::: EXTRACTED INFORMATION

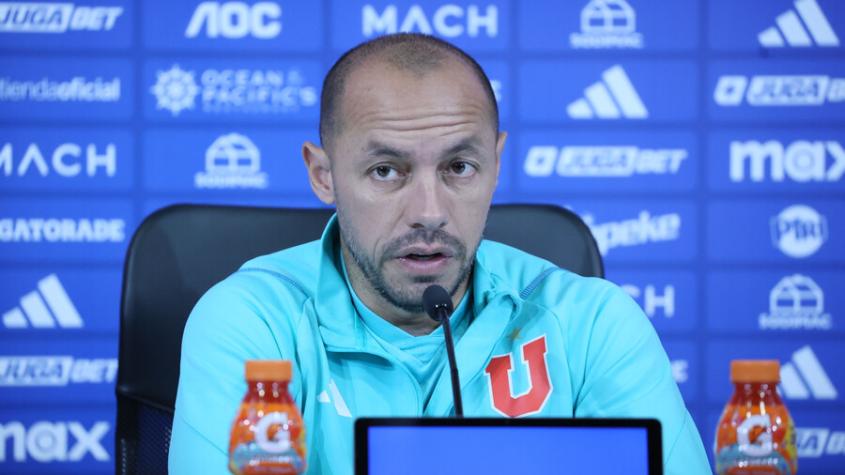 Marcelo Díaz y decisión del Tribunal por denuncia a Colo Colo: "Ni siquiera me había enterado"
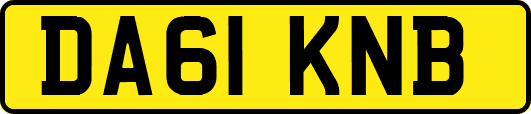 DA61KNB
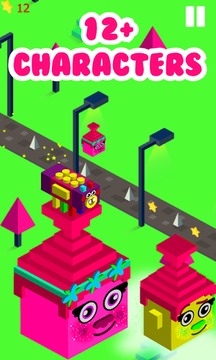 Crossy troll游戏截图1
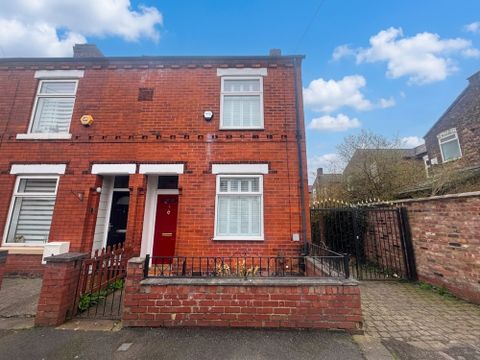 Dalton Street, Eccles M30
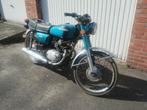 Honda CB 125 K5 TWIN Schuurvonst, Motoren, 2 cilinders, 125 cc, 11 kW of minder, Naked bike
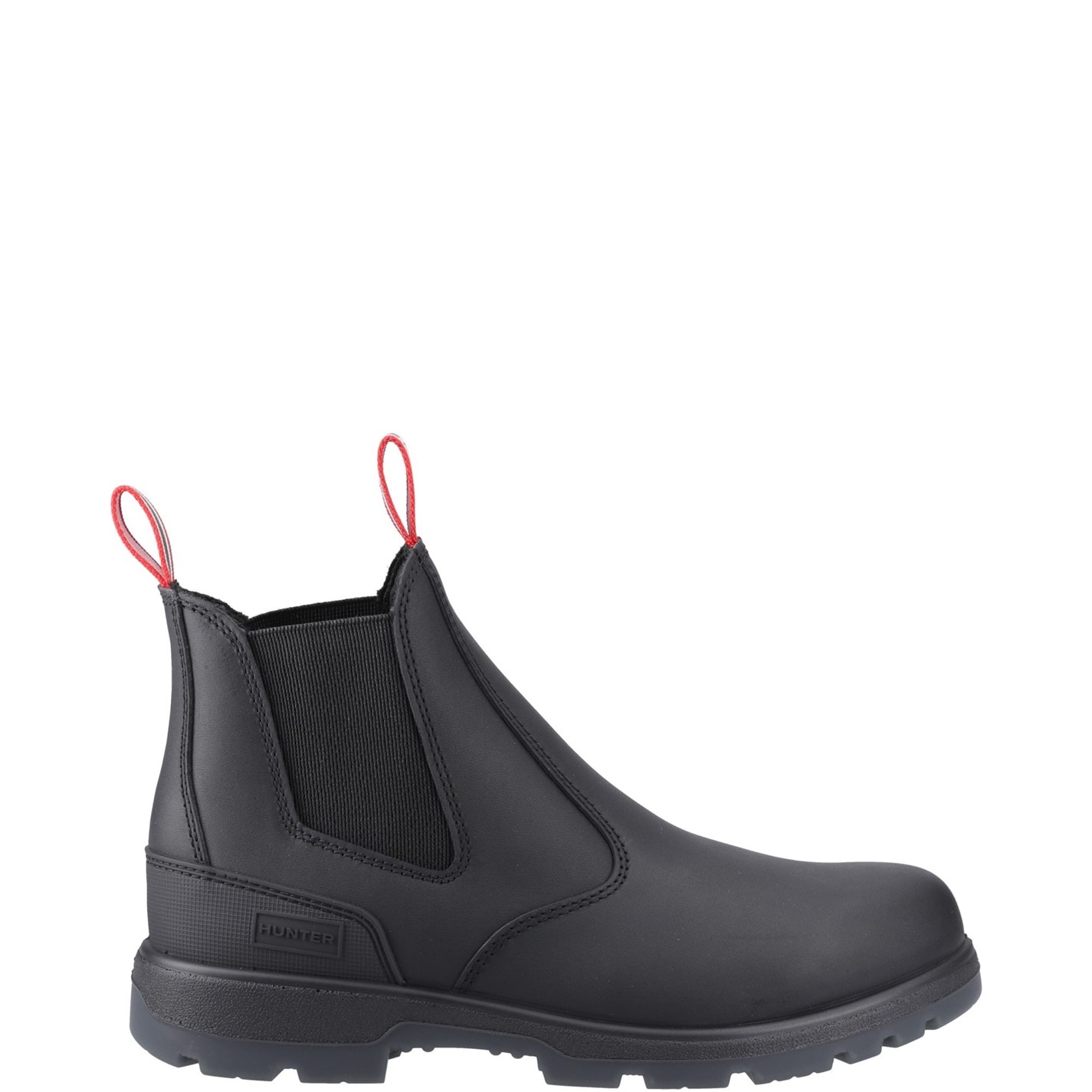Topánky Hunter Safety Black 9191476 Drift Dealer Boot - 1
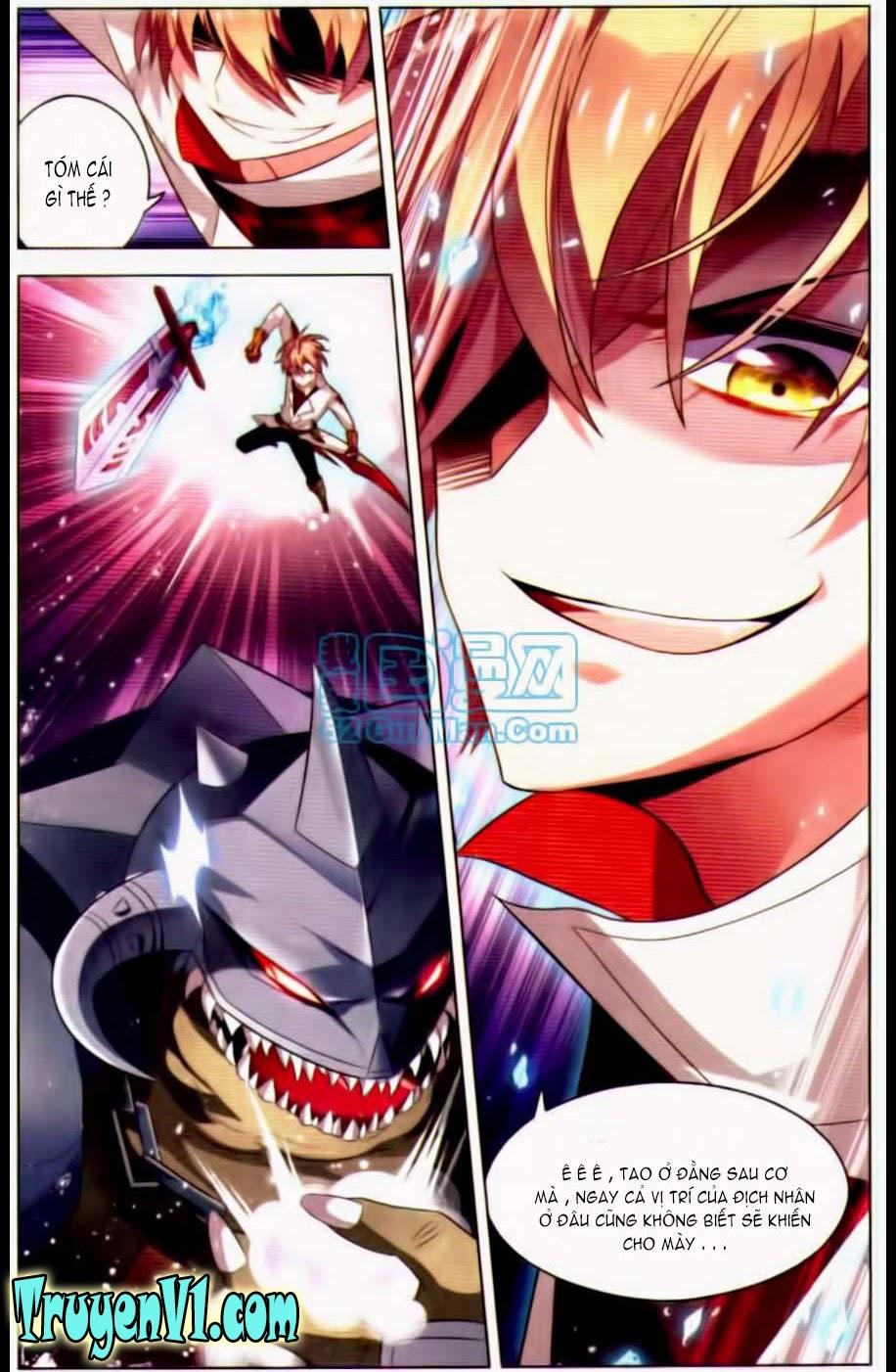 Hạch Lực Đột Phá Chap 18 - Next Chap 19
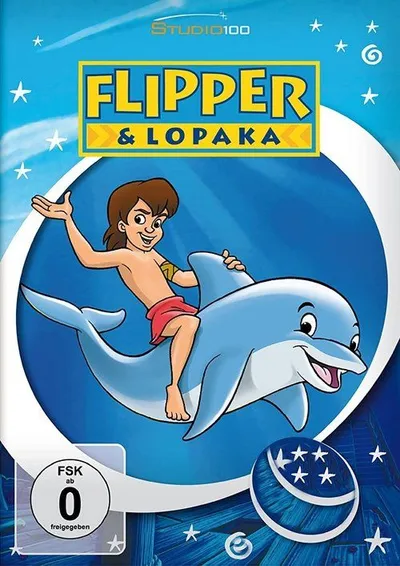Flipper et Lopaka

::::::

WORK TO COMPLETE> The lines wanted run from the one with "Dalton Street, Eccles M30" through the final line of the data; repeat them word for word and skip every picture.

ANSWER FOR THE TASK>
 Dalton Street, Eccles M30
 Honda CB 125 K5 TWIN Schuurvonst, Motoren, 2 cilinders, 125 cc, 11 kW of minder, Naked bike
Topánky Hunter Safety Black 9191476 Drift Dealer Boot - 1
 Hạch Lực Đột Phá Chap 18 - Next Chap 19
Flipper et Lopaka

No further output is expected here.